| HN Mirror

Hey. I run a small community forum and I've been dealing with this exact same kind of behaviour where well over 99% of requests are bad crawlers. There used to be plenty of "tells" for the faked browsers, HTTP/1.1 being a huge one. As you said, however, they're getting a bit smarter about that and it's becoming increasingly difficult to differentiate it from legitimate traffic.

It's been getting worse over the past year, with the past few weeks in particular seeing a massive change literally overnight. I had to aggressively tune my WAF rules to even remotely get things under control. With Cloudflare I'm aggressively issuing browser challenges to any browser that looks remotely suspicious, and the pass rate is currently below 0.5%. For my users' sake, a successful browser challenge is "valid" for over a month, but this still feels like another thing that'll eventually be bypassed.

I'd be keen to know if you've found any other effective ways of mitigating these most recent aggressive scraping requests.
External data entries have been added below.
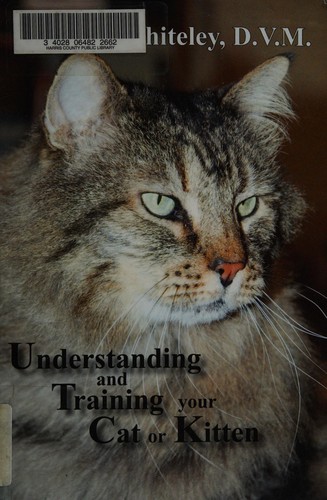 Understanding and training your cat or kitten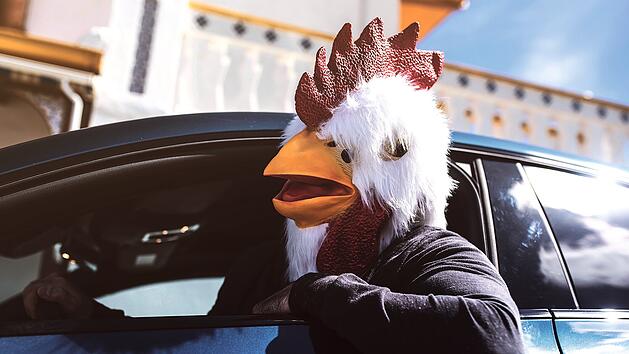 Karneval und Fasching: Für Autofahrer gilt keine Narrenfreiheut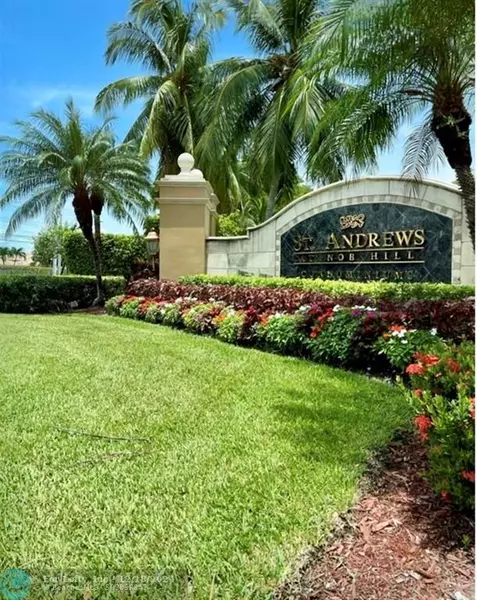 8060 N Nob Hill Rd  #206, Tamarac, FL 33321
Even a simple "yes" or "no" would be appreciated; I think it's fair to be apprehensive about sharing some specific details publicly since even a lot of folks here on HN seem to think it's their right to scrape content with orders of magnitude higher throughput than all users combined.

I really don't know how this is sustainable long-term. It's eaten up quite a lot of my personal time and effort just for the sake of a hobby that I otherwise greatly enjoy.